Many studies have linked carotid plaque surface irregularities with stroke risk, but this relationship has been obscured by the limited ability of available imaging modalities to resolve plaque surface morphology. To address this issue, we performed a prospective study correlating the presenting neurologic symptoms of patients with high-resolution magnetic resonance imaging (MRI; 200 microm) studies of ipsilateral plaque surface invaginations and ledges, lumen shape, and the location of the plaque bulk creating the stenosis.


One hundred patients, 17 women and 83 men, 45 to 81 years old (mean, 68 years) underwent surgery. Forty-five patients had a transient ischemic attack (TIA) or stroke as the indication for surgery, and 55 patients had no symptoms. Angiograms were obtained in 50 patients. Carotid plaques were removed "en bloc" and placed in gadolinium doped saline for imaging in a Siemens Symphony, 1.5T scanner with a custom-built transmit-receive radiofrequency coil. The resulting slice thickness was 200 microm, with 200 microm by 200 microm in plane resolution. The MRI data and angiograms were reviewed by using National Institutes of Health Image software and read by consensus. A surface irregularity was categorized as a ledge or ulcer and measured by using electronic calipers. Luminal shape was determined at the point of maximal stenosis with a "slice" set at 90 degrees to the lumen axis. The location of the maximal stenosis was recorded. In the internal carotid artery, plaque bulk was designated to be on the flow divider wall or non-flow divider wall.
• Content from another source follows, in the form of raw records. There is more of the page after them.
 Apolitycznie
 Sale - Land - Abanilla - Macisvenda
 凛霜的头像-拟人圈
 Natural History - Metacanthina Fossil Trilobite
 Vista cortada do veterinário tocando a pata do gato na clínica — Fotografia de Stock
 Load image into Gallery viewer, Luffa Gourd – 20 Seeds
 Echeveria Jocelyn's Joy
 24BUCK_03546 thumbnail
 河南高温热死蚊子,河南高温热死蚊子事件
The mean maximal stenosis was 81.5% +/- 12.0%. Surface contour irregularities were found in 80 plaques. Thirty-five plaques were graded as having major surface contour irregularities, and 45 plaques were graded as having minor irregularities. There was a significant correlation between major surface irregularity and TIA or stroke (P <.01). Irregular plaques were identified with angiography, but the irregularity in size was underestimated (P <.01). Only 28% of plaques had circular lumens; 50% had elliptical lumens, and 22% had either crescentic or multi-lobular lumens. The maximal stenosis was located in the internal carotid artery in 82 plaques, the bifurcation in 17 plaques, and the common carotid artery in one plaque.
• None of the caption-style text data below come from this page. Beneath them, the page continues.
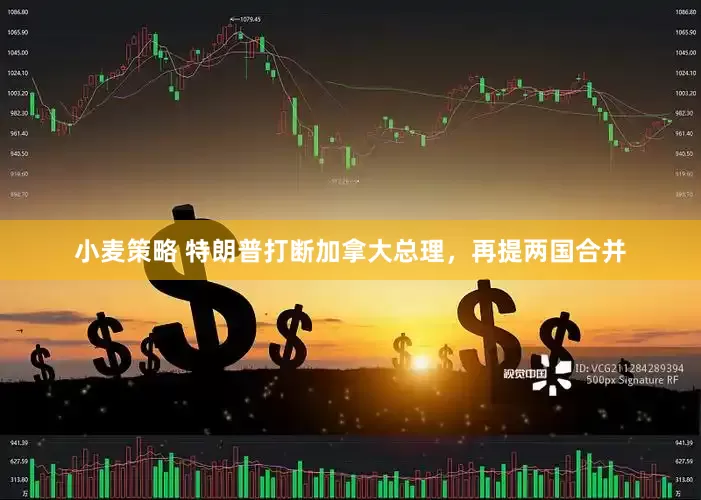 小麦策略 特朗普打断加拿大总理，再提两国合并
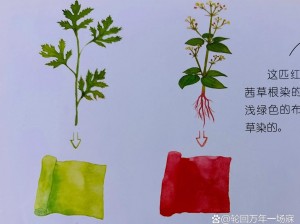 探秘原乡之土：从我的起源地看土地制作技艺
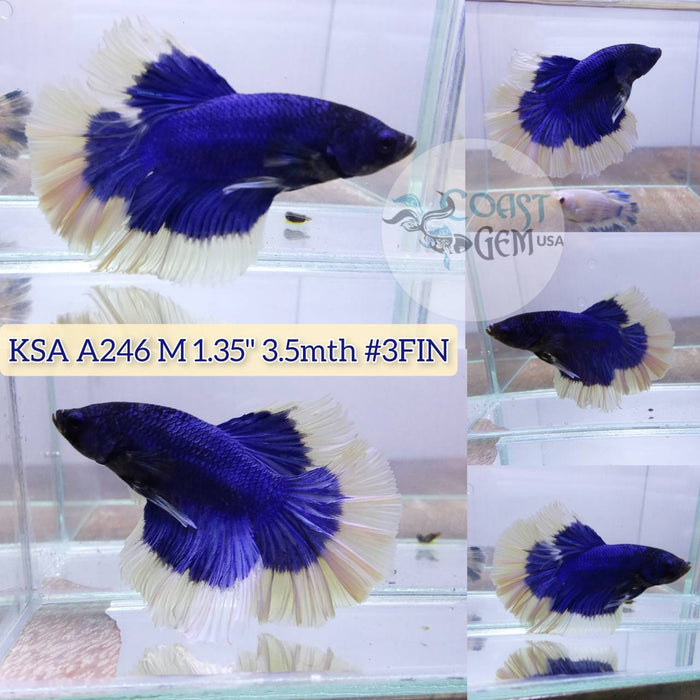 Live Betta Fish Male Rosetail Blue Butterfly (KSA-246) What you see is what you get!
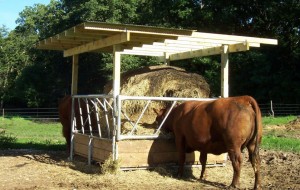 VL-2882 Cattle Hay Feeder - Save Money & Time | Klene Pipe Structures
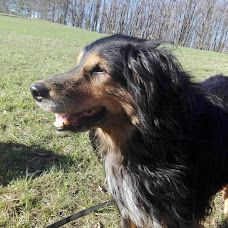 Wattebällchen - Hundetraining - Lilienfeld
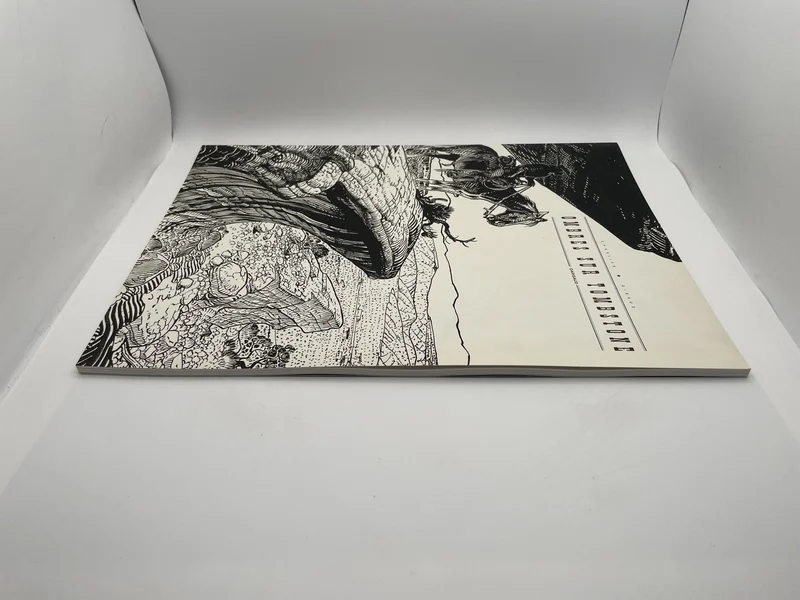 Blueberry - T 25 - Ombres sur Tombstone - Jean Giraud / Jean-Michel Charlier - Dargaud - BD franco-belge - Très bon état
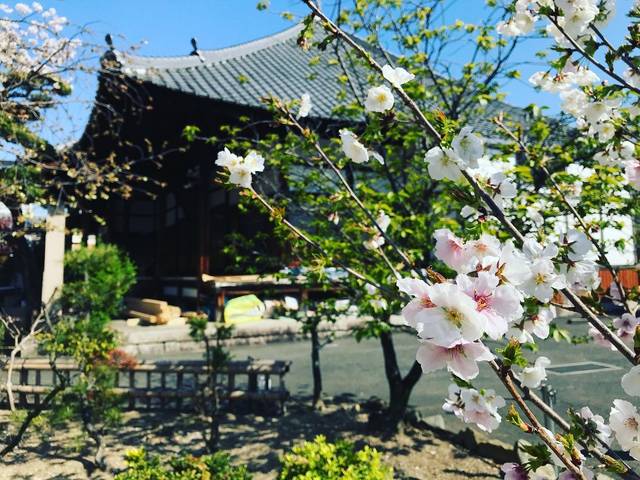 【2020京都桜情報】“桜寺”と称される伏見の隠れた名所！薄墨色の『墨染桜』必見「墨染寺（ぼくせんじ）」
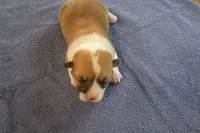 AKC TUCKER MALE, a male Pembroke Welsh Corgi for sale in Pittsburg, TX – Photo 1 of 7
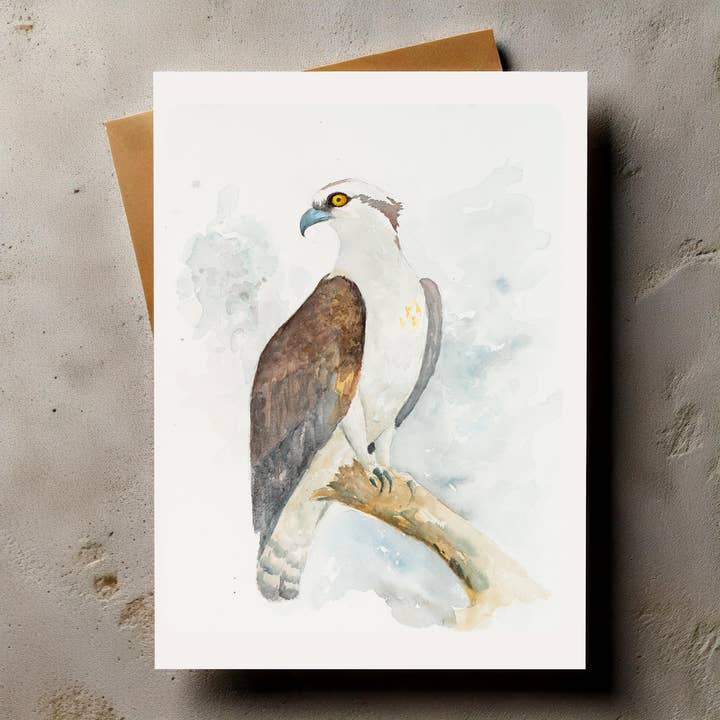 Bird Greeting Card Osprey for wholesale by Bonzo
Surface irregularities were revealed by means of submillimeter resolution of the carotid plaques with MRI to be common, but only the presence of major irregularities correlated with the patient having TIA or stroke. Lumen shape and plaque location did not appear to predict stroke risk, but may effect imaging accuracy in determining the degree of stenosis. These data further define the relationship of plaque irregularity and cerebrovascular symptoms caused by atheroemboli.